The idea is that you could load the initial hash: @models = KBB::Parser.new.to_hash and then save the output of @models.inspect in your local constants file - hence me using Constants::Auto::DB (I actually have a Rake task for doing this -- let me know if I should post it too). Then you would just re-run this every time you think new car models are added/changed on KBB. Realize, that hitting their site every time you need the data is clearly evil. So use this class to load the data initially, save the result of inspect() call into a ruby file, and use that cached version in your app. Re-run the load every time you want to update your database.

Please let me know if you find this code useful, or if you find a better/cleaner/more comprehensive way of maintaining car make/model/year database.

#
# author: Konstantin Gredeskoul © 2008
# license: public domain
#
require 'net/http'
require 'uri'

module KBB
 MODELS_URL = "http://scripts.kbb.com/kbb/ymmData.axd?VehicleClass=UsedCar"

 class Models
   def initialize(js)   
     @models = {}
     @makes = {}
     n = /ymUsed_\[\d{4}\]\s*=\s*'([^']+)'/
     m = /ymmUsed_\["(\d+)~(\d+)"\]\s*=\s*"([^"]+)"/
     js.split(/\n/).each do |line|
       next if line.strip.blank?
       if matched = n.match(line)
         matched[1].split(/,/).each do |token|
           id, name = token.split('|')
           @makes[id.to_i] = name
         end
       end
      
       if matched = m.match(line)
          year, make_id, models = matched[1], matched[2], matched[3]
          models.split(/,/).each do |t| 
            id, model_name = t.split('|')
            make_name = @makes[make_id.to_i]
            @models[make_name] ||= {}
            @models[make_name][model_name] ||= []
            @models[make_name][model_name] << year
          end
        end
      end
    end
    
    def to_hash
      @models
    end
  end

  class Parser
    def initialize
      @m = Models.new(Net::HTTP.get(URI.parse(MODELS_URL)))
    end
    def to_hash
      @m.to_hash
    end
  end

end

Comments

Anonymous said…
hi

thank you for this - what a great idea

i was wondering what language is that in?
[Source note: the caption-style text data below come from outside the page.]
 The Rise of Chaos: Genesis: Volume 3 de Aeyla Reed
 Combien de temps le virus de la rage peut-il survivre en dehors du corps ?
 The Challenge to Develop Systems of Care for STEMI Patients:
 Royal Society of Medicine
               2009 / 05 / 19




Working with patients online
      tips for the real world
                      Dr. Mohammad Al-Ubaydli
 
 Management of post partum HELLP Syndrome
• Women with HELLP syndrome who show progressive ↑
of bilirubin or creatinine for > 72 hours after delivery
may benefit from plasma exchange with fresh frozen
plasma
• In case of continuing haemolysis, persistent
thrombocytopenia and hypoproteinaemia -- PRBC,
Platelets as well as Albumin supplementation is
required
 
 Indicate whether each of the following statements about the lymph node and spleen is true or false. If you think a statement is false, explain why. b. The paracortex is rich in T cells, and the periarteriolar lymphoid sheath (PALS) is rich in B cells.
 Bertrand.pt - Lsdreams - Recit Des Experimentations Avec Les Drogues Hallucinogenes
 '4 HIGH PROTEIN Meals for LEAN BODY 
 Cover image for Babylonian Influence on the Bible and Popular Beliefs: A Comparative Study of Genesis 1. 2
i was given the task to compile this database in one week, but spent a lot of time looking for a list, but no dice...

so if i can make this work, then you saved my day

thanks

kristine
It's written in Ruby. Email me in case you are having troubles running it.
Kristine said…
oops, i realized that after i re-read , lol...

thought i'd ask... do you have a php version of it by chance?

either way, this is super helpful!

thanks again ya

kristine
Kristine said…
hey konstantin,

here is a basic PHP array:

$file = file('./ymmData.axd');



$patternMake = '/ymUsed_\[\d{4}\]\s*=\s*\'([^\']+)\'/';

$patternModel = '/ymmUsed_\["(\d+)~(\d+)"\]\s*=\s*"([^"]+)"/';



foreach($file as $row) {

if(preg_match($patternMake,$row,$matched))

{

$tmpMakes = explode(',',$matched[1]);

foreach($tmpMakes as $str) {

list($id,$name) = explode("|",$str);

$arrMakes[$id] = $name;

}

}

unset($str);

if(preg_match($patternModel,$row,$matched))

{

$year = $matched[1];

$make_id = $matched[2];

$models = $matched[3];

$tmpModels = explode(',',$models);

foreach($tmpModels as $str) {

list($id,$model_name) = explode("|",$str);

$make_name = $arrMakes[$make_id];

$arrModels[$make_name][$model_name][$year] = $year;

}

}

}

ksort($arrModels);

echo
Lester said…
This comment has been removed by the author.
Lester said…
This is exactly what I am looking for, but I am not exactly sure how this is supposed to be setup. Can you please enlighten me?
Lester, it's a ruby script - it's supposed to be run using ruby interpreter. Some knowledge of programming is required to be able to take advantage of this code.
ntv1534 said…
This comment has been removed by the author.
ntv1534 said…
Wow, great job doing this! I'm familiar with Python but not Ruby, though they look pretty similar. Is that built-in regular expression support I see? Savage...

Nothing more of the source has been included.